1 to 4 relate to an embodiment of the present invention, in which FIG. 1 is a perspective view showing the second adjustment knob in an expanded state, FIG. 2 is a perspective view of the second adjustment knob, FIG. 3 is a sectional view of a semi-fixed variable resistor, FIG. 4 is a bottom view of the semi-fixed variable resistor, and FIG. 5 is a sectional view of a conventional semi-fixed variable resistor. 2... Resistance board, 3... Slider piece, 4... First
Adjustment knob, 7, 8...terminal, 9...second adjustment knob, 9a...shaft, 9b...first flange, 9c...second flange, 9d...locking claw , 9e...notch, 9f...slit, 9g...

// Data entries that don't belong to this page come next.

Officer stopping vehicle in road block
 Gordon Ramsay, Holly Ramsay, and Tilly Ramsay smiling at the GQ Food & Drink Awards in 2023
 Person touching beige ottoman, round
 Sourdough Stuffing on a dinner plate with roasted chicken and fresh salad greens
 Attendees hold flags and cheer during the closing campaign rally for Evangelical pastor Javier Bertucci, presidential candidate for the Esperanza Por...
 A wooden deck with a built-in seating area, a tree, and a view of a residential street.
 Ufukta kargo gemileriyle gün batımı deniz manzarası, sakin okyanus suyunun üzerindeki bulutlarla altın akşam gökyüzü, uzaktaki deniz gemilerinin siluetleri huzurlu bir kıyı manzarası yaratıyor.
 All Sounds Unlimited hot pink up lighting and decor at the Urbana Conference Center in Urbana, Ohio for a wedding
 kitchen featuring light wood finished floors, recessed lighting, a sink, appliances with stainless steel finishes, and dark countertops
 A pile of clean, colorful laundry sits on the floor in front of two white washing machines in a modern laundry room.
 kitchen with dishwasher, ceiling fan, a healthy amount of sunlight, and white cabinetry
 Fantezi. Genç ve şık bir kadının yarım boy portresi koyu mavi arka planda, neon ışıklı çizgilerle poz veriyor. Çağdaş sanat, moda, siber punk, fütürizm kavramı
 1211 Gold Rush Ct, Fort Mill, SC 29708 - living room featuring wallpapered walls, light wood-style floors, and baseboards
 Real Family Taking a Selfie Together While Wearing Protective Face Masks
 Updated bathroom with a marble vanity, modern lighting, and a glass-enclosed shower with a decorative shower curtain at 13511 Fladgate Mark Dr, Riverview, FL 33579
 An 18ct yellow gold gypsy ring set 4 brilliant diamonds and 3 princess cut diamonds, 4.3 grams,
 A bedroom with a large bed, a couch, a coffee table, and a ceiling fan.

...Stopper part, 9h...Folding part.

Claims (1)

[Scope of utility model registration request] A substrate having a resistance layer formed on its surface, a first adjustment knob provided with a slider piece that can slide on the resistance layer, a shaft inserted through the substrate, and a shaft extending from the shaft. and a second adjustment knob having a flange, the slider piece rotates and slides on the resistance layer to change the contact position, thereby obtaining a desired resistance value. , the second adjustment knob extends from one end of the shaft,
and a first flange portion having a locking pawl bent and formed on the peripheral edge, and a notch portion that is folded on the first flange portion via a connecting portion and engages with the locking pawl on the peripheral edge. a second flange portion having a slit in the center that can be engaged with an adjustment jig; and a second adjustment knob on the periphery of at least one of the first and second flange portions. A semi-fixed variable resistor characterized by forming a stopper portion for regulating the rotation angle of the variable resistor.